*** MATERIAL FOR THIS TASK ***
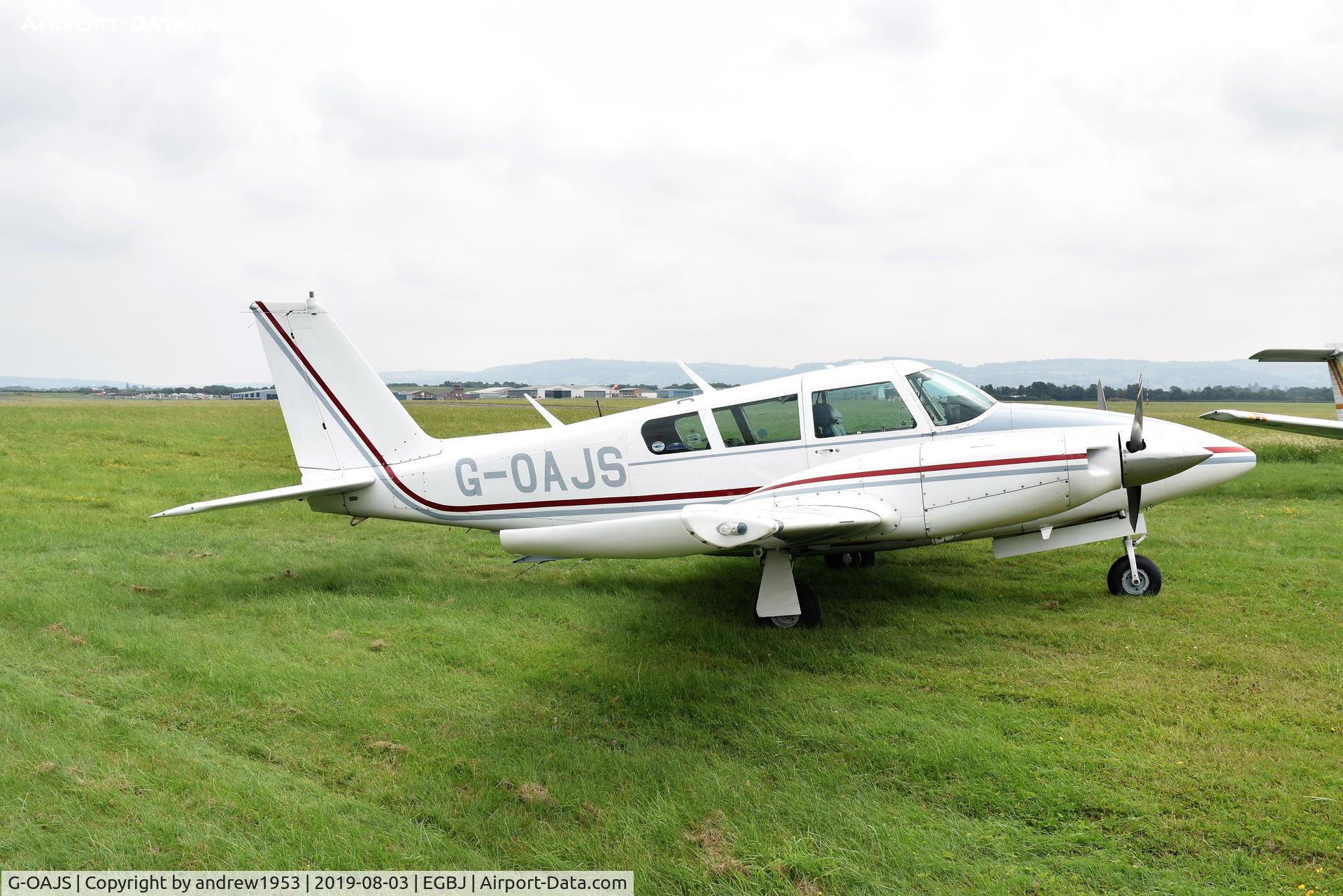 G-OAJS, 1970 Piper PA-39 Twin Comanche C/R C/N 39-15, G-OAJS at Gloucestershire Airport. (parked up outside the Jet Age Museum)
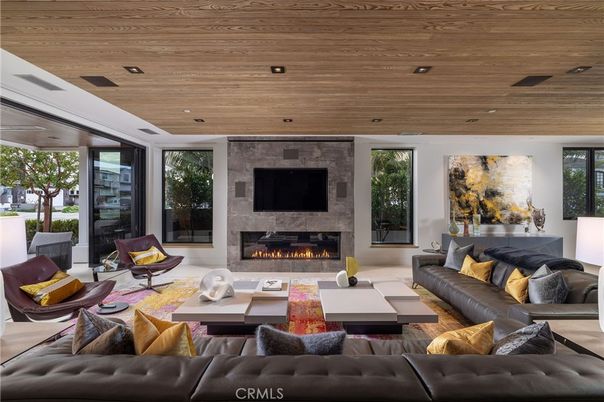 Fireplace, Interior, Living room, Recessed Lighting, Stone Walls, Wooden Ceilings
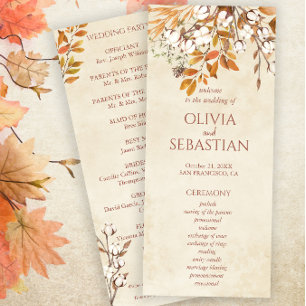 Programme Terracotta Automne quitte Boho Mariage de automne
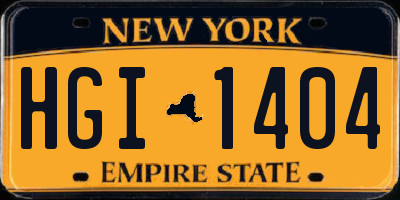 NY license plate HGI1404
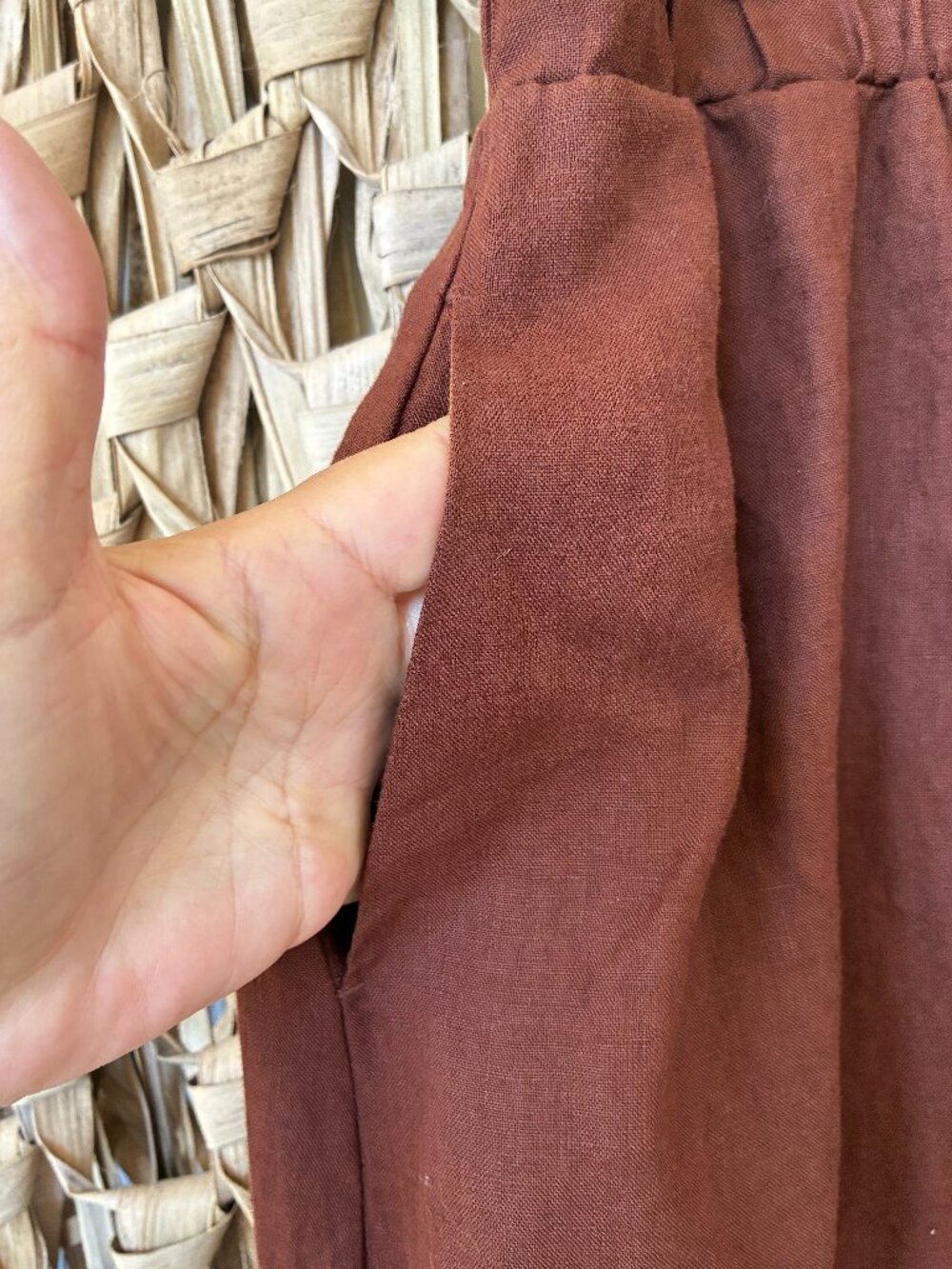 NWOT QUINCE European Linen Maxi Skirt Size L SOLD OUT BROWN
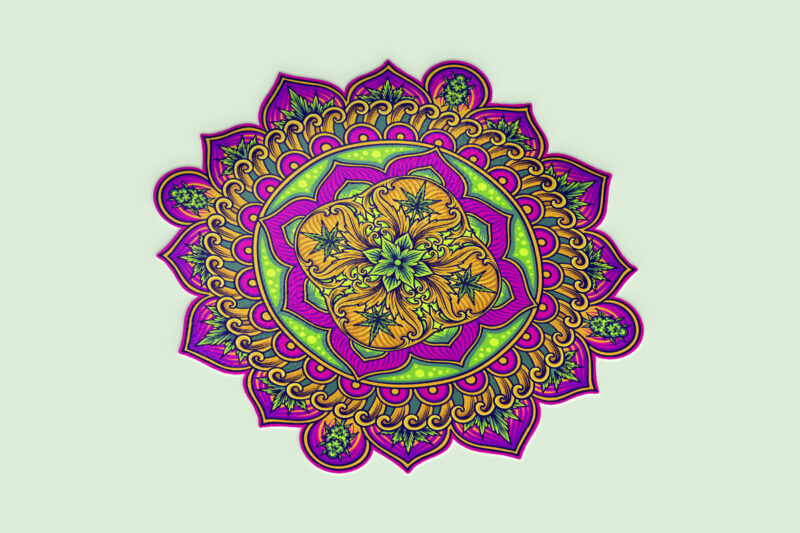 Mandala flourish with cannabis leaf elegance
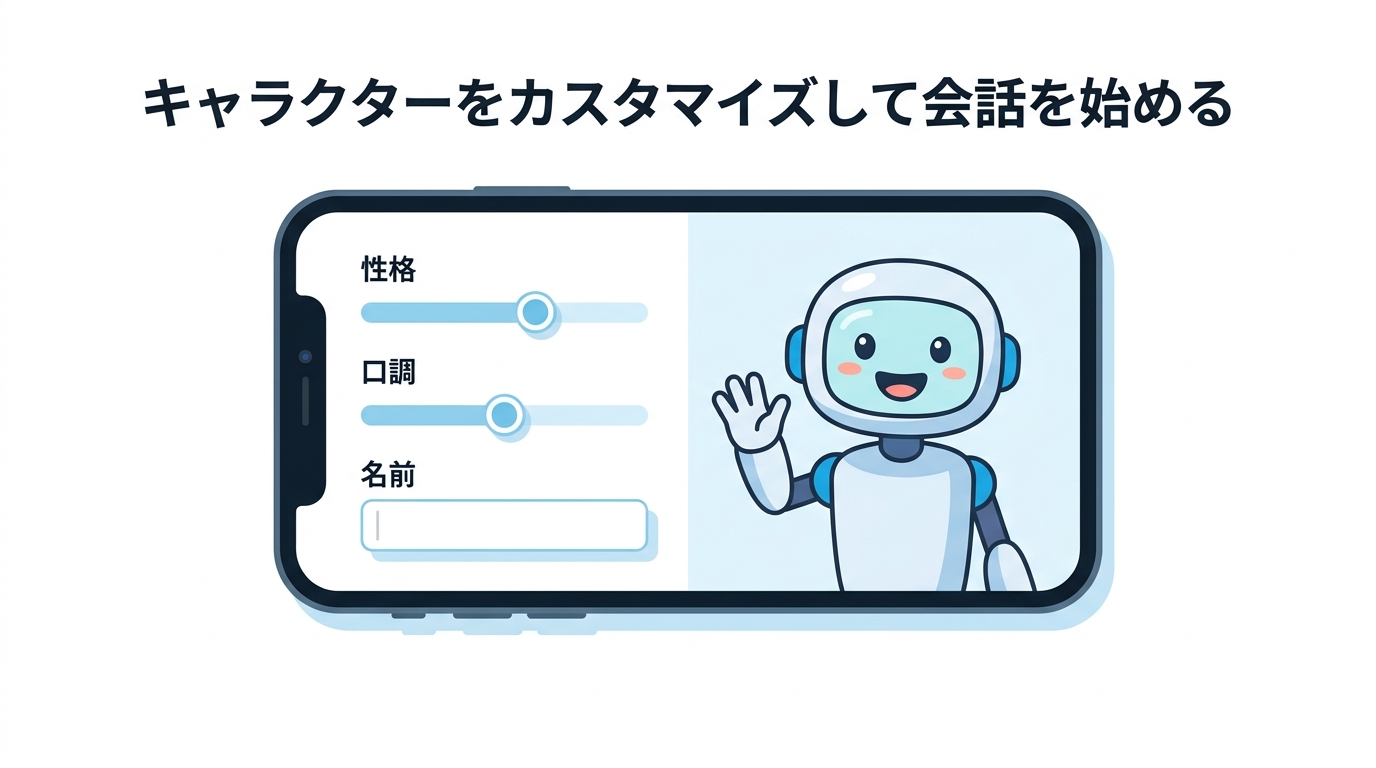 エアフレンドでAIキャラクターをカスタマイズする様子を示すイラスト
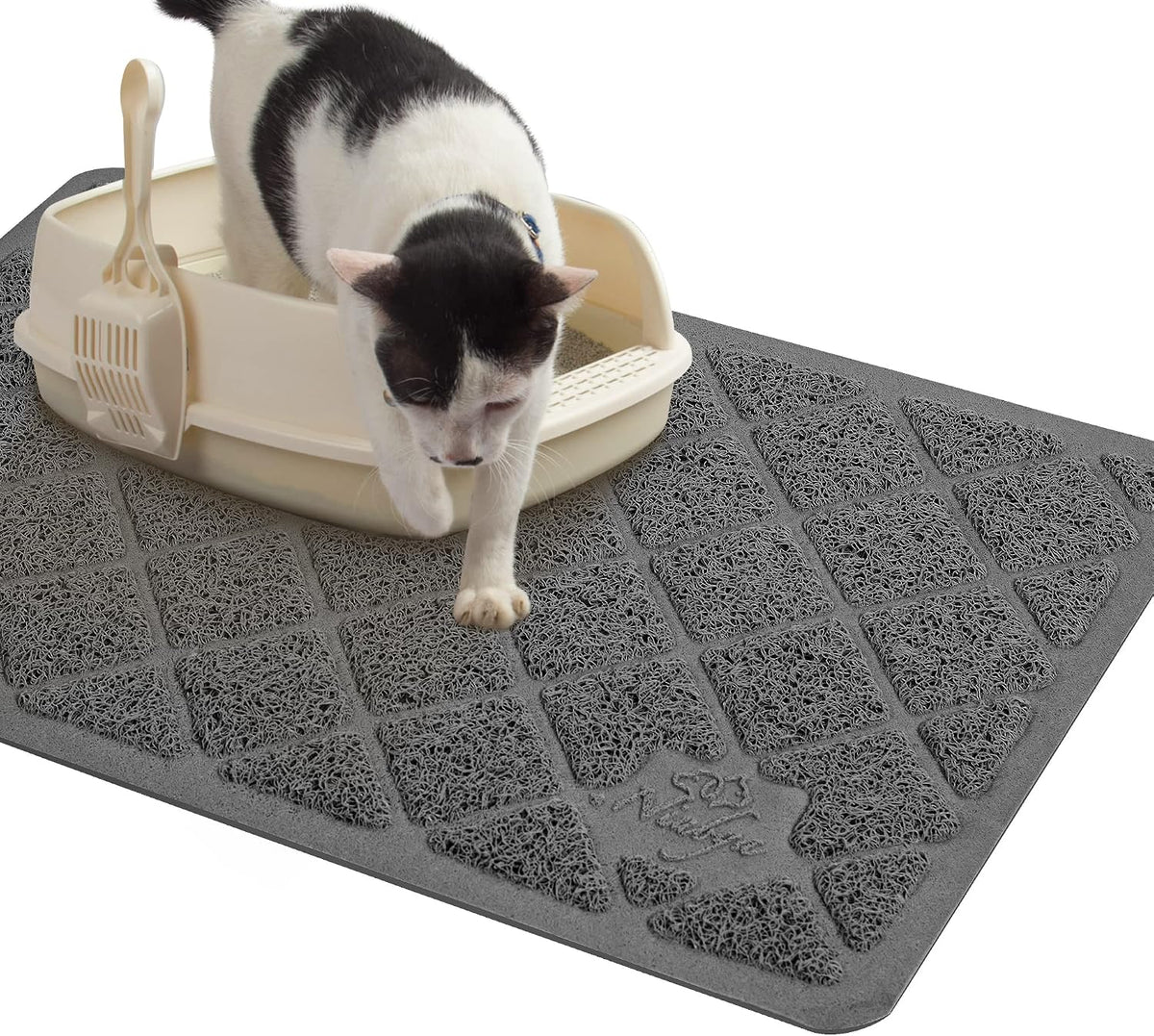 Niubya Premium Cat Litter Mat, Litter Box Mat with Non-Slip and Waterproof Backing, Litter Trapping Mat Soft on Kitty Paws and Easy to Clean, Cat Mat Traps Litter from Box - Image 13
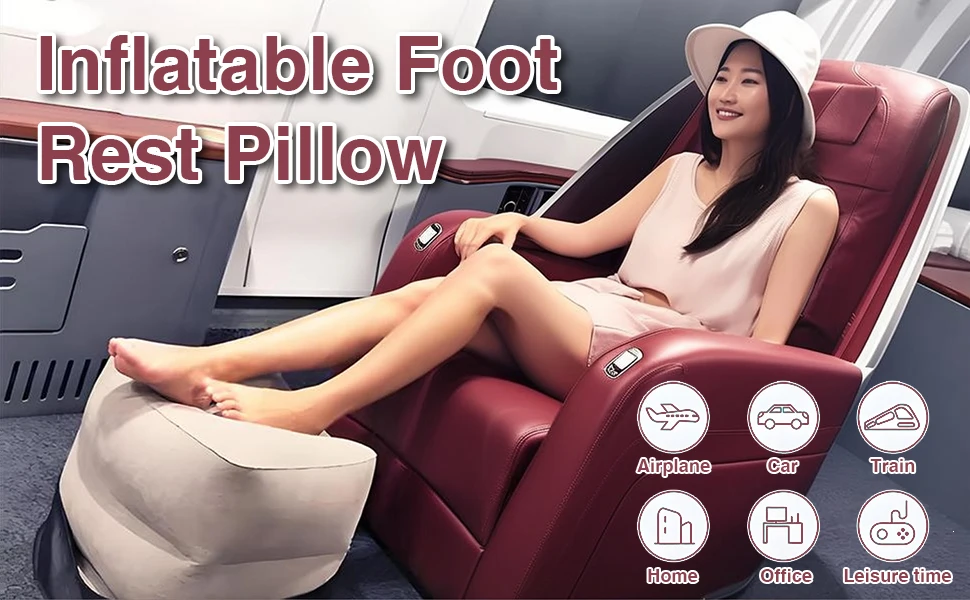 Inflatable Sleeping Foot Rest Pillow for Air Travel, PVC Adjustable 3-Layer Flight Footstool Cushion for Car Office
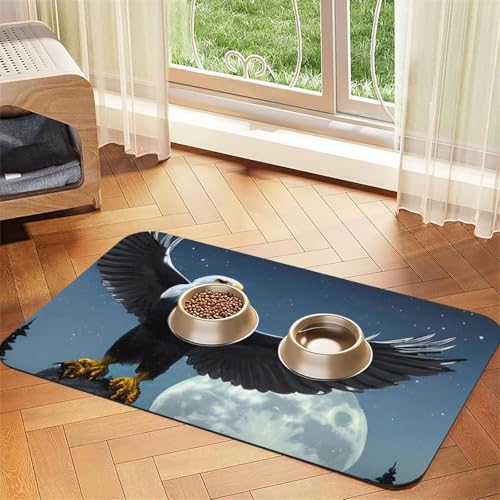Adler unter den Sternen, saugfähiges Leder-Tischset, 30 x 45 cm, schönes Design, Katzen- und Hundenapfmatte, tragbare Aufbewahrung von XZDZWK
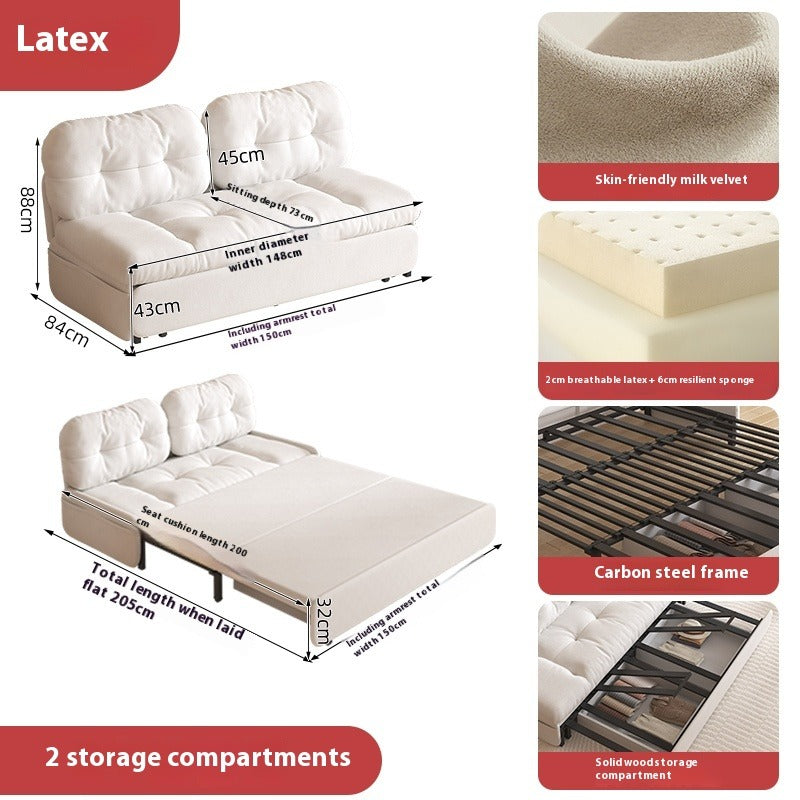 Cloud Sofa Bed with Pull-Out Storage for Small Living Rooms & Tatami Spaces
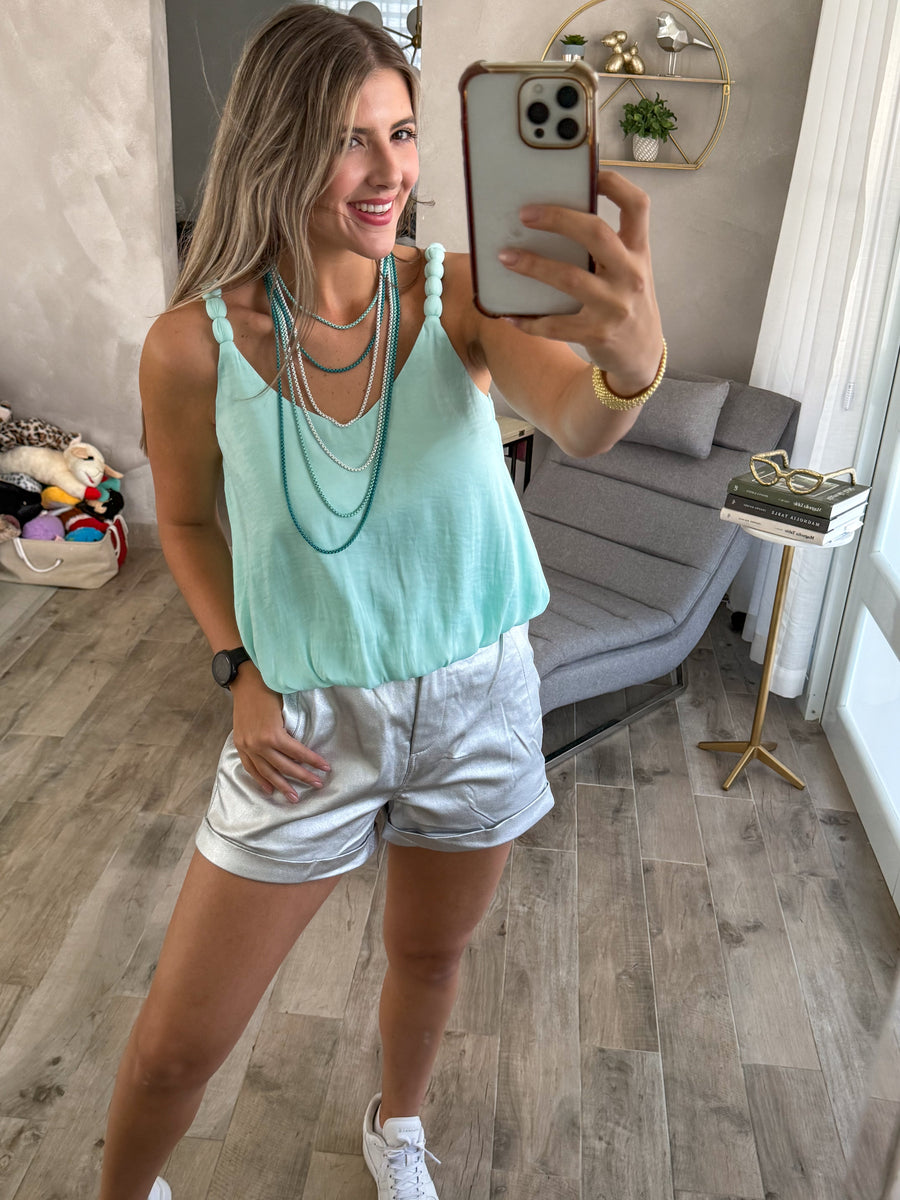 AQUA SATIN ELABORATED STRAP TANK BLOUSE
***
• EXERCISE AIM:
Would you reproduce the lines from the one with "Fireplace, Interior, Living" through the final line of the data above, exactly and only those, without any pictures?

• RESULT:
 Fireplace, Interior, Living room, Recessed Lighting, Stone Walls, Wooden Ceilings
 Programme Terracotta Automne quitte Boho Mariage de automne
 NY license plate HGI1404
 NWOT QUINCE European Linen Maxi Skirt Size L SOLD OUT BROWN
 Mandala flourish with cannabis leaf elegance
 エアフレンドでAIキャラクターをカスタマイズする様子を示すイラスト
 Niubya Premium Cat Litter Mat, Litter Box Mat with Non-Slip and Waterproof Backing, Litter Trapping Mat Soft on Kitty Paws and Easy to Clean, Cat Mat Traps Litter from Box - Image 13
 Inflatable Sleeping Foot Rest Pillow for Air Travel, PVC Adjustable 3-Layer Flight Footstool Cushion for Car Office
Adler unter den Sternen, saugfähiges Leder-Tischset, 30 x 45 cm, schönes Design, Katzen- und Hundenapfmatte, tragbare Aufbewahrung von XZDZWK
 Cloud Sofa Bed with Pull-Out Storage for Small Living Rooms & Tatami Spaces
 AQUA SATIN ELABORATED STRAP TANK BLOUSE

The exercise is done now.